- **Task objective**
Copy all of the records below verbatim.

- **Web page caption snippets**
══════════════════════════════

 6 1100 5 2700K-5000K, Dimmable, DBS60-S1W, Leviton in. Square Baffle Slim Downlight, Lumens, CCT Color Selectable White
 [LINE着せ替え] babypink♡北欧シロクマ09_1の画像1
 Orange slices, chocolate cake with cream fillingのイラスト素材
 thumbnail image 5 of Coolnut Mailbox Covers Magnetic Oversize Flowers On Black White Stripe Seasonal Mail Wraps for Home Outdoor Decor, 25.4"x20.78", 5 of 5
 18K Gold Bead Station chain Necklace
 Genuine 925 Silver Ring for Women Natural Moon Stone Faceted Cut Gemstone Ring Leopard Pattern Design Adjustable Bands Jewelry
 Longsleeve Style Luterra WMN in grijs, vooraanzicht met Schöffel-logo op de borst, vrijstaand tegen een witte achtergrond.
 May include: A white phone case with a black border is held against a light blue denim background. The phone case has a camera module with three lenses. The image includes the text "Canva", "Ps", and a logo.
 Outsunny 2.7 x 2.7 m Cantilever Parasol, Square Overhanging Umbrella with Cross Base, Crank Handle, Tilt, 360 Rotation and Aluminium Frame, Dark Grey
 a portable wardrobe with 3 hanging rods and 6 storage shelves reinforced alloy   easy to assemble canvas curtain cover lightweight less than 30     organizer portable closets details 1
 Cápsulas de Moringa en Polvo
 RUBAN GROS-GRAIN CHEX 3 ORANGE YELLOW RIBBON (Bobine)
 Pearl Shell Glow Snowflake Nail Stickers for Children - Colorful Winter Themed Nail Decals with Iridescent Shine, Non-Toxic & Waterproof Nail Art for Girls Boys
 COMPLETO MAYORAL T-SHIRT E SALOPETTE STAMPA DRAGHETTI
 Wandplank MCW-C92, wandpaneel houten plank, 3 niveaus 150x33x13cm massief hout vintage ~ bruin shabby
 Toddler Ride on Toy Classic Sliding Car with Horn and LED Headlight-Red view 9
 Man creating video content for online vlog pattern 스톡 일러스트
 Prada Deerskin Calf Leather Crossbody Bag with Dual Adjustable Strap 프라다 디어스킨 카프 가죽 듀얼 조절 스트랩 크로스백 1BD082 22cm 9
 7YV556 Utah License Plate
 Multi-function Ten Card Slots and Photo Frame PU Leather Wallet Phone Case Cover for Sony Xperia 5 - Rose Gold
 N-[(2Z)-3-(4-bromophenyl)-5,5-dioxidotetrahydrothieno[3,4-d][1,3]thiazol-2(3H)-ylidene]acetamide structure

══════════════════════════════

- **Response for this exercise**
 6 1100 5 2700K-5000K, Dimmable, DBS60-S1W, Leviton in. Square Baffle Slim Downlight, Lumens, CCT Color Selectable White
 [LINE着せ替え] babypink♡北欧シロクマ09_1の画像1
 Orange slices, chocolate cake with cream fillingのイラスト素材
 thumbnail image 5 of Coolnut Mailbox Covers Magnetic Oversize Flowers On Black White Stripe Seasonal Mail Wraps for Home Outdoor Decor, 25.4"x20.78", 5 of 5
 18K Gold Bead Station chain Necklace
 Genuine 925 Silver Ring for Women Natural Moon Stone Faceted Cut Gemstone Ring Leopard Pattern Design Adjustable Bands Jewelry
 Longsleeve Style Luterra WMN in grijs, vooraanzicht met Schöffel-logo op de borst, vrijstaand tegen een witte achtergrond.
 May include: A white phone case with a black border is held against a light blue denim background. The phone case has a camera module with three lenses. The image includes the text "Canva", "Ps", and a logo.
 Outsunny 2.7 x 2.7 m Cantilever Parasol, Square Overhanging Umbrella with Cross Base, Crank Handle, Tilt, 360 Rotation and Aluminium Frame, Dark Grey
 a portable wardrobe with 3 hanging rods and 6 storage shelves reinforced alloy   easy to assemble canvas curtain cover lightweight less than 30     organizer portable closets details 1
 Cápsulas de Moringa en Polvo
 RUBAN GROS-GRAIN CHEX 3 ORANGE YELLOW RIBBON (Bobine)
 Pearl Shell Glow Snowflake Nail Stickers for Children - Colorful Winter Themed Nail Decals with Iridescent Shine, Non-Toxic & Waterproof Nail Art for Girls Boys
 COMPLETO MAYORAL T-SHIRT E SALOPETTE STAMPA DRAGHETTI
 Wandplank MCW-C92, wandpaneel houten plank, 3 niveaus 150x33x13cm massief hout vintage ~ bruin shabby
 Toddler Ride on Toy Classic Sliding Car with Horn and LED Headlight-Red view 9
 Man creating video content for online vlog pattern 스톡 일러스트
 Prada Deerskin Calf Leather Crossbody Bag with Dual Adjustable Strap 프라다 디어스킨 카프 가죽 듀얼 조절 스트랩 크로스백 1BD082 22cm 9
 7YV556 Utah License Plate
 Multi-function Ten Card Slots and Photo Frame PU Leather Wallet Phone Case Cover for Sony Xperia 5 - Rose Gold
 N-[(2Z)-3-(4-bromophenyl)-5,5-dioxidotetrahydrothieno[3,4-d][1,3]thiazol-2(3H)-ylidene]acetamide structure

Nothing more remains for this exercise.